## Activity
Output the entries below exactly, from the first line to the line holding "A solid silver spoon", both included.

## Supplied records
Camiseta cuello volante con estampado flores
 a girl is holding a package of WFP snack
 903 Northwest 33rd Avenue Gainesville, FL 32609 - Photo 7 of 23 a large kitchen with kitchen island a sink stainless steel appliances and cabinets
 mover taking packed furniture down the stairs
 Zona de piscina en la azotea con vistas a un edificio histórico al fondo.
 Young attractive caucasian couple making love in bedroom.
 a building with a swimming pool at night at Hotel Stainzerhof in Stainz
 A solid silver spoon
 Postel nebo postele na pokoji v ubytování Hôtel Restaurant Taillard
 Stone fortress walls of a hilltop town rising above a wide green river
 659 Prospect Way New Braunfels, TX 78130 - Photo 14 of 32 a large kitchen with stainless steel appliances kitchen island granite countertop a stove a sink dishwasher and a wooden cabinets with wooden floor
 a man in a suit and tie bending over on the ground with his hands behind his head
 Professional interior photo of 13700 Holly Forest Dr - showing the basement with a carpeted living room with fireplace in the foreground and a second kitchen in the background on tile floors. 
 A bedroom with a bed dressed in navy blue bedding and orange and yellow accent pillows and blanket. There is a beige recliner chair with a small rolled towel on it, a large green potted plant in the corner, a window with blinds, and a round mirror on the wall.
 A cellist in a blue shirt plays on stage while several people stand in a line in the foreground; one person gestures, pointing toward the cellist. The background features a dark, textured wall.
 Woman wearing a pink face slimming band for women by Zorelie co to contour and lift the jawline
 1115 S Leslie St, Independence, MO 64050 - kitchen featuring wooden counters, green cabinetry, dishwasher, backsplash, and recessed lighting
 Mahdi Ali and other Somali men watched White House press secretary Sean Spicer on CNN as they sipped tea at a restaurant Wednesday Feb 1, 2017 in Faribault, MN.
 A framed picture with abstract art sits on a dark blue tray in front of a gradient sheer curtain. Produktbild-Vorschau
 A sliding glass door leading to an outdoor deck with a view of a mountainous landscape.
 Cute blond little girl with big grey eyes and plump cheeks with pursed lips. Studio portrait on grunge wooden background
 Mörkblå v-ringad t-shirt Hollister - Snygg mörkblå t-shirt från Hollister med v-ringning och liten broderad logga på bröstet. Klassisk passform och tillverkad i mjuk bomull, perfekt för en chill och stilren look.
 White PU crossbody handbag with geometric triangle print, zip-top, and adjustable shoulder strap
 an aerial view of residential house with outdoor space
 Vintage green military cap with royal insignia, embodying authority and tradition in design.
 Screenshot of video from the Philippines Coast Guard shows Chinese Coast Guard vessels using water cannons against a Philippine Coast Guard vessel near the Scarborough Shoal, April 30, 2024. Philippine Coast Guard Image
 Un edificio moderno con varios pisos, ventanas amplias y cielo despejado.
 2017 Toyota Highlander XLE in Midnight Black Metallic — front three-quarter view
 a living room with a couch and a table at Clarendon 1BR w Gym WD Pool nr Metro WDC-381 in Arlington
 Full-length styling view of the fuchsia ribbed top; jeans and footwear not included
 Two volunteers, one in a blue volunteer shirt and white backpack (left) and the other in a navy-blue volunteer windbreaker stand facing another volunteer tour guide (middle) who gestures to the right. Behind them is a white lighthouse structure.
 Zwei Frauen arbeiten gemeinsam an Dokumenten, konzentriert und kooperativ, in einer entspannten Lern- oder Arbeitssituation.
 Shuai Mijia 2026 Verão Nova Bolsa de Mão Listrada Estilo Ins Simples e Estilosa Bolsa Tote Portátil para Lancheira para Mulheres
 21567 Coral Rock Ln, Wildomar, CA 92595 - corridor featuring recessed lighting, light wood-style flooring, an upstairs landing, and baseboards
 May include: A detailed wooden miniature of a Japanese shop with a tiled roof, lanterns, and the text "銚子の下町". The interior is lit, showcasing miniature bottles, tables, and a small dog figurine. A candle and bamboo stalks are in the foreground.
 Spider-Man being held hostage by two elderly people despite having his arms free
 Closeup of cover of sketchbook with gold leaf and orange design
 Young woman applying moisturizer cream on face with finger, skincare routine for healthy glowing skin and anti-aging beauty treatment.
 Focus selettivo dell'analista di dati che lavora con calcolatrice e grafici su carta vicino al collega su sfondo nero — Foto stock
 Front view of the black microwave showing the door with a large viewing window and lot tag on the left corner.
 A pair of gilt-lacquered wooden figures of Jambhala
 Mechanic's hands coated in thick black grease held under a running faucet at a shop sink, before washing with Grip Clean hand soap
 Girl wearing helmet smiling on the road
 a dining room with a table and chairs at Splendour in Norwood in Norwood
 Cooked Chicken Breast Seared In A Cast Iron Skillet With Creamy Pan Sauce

## Exercise result
Camiseta cuello volante con estampado flores
 a girl is holding a package of WFP snack
 903 Northwest 33rd Avenue Gainesville, FL 32609 - Photo 7 of 23 a large kitchen with kitchen island a sink stainless steel appliances and cabinets
 mover taking packed furniture down the stairs
 Zona de piscina en la azotea con vistas a un edificio histórico al fondo.
 Young attractive caucasian couple making love in bedroom.
 a building with a swimming pool at night at Hotel Stainzerhof in Stainz
 A solid silver spoon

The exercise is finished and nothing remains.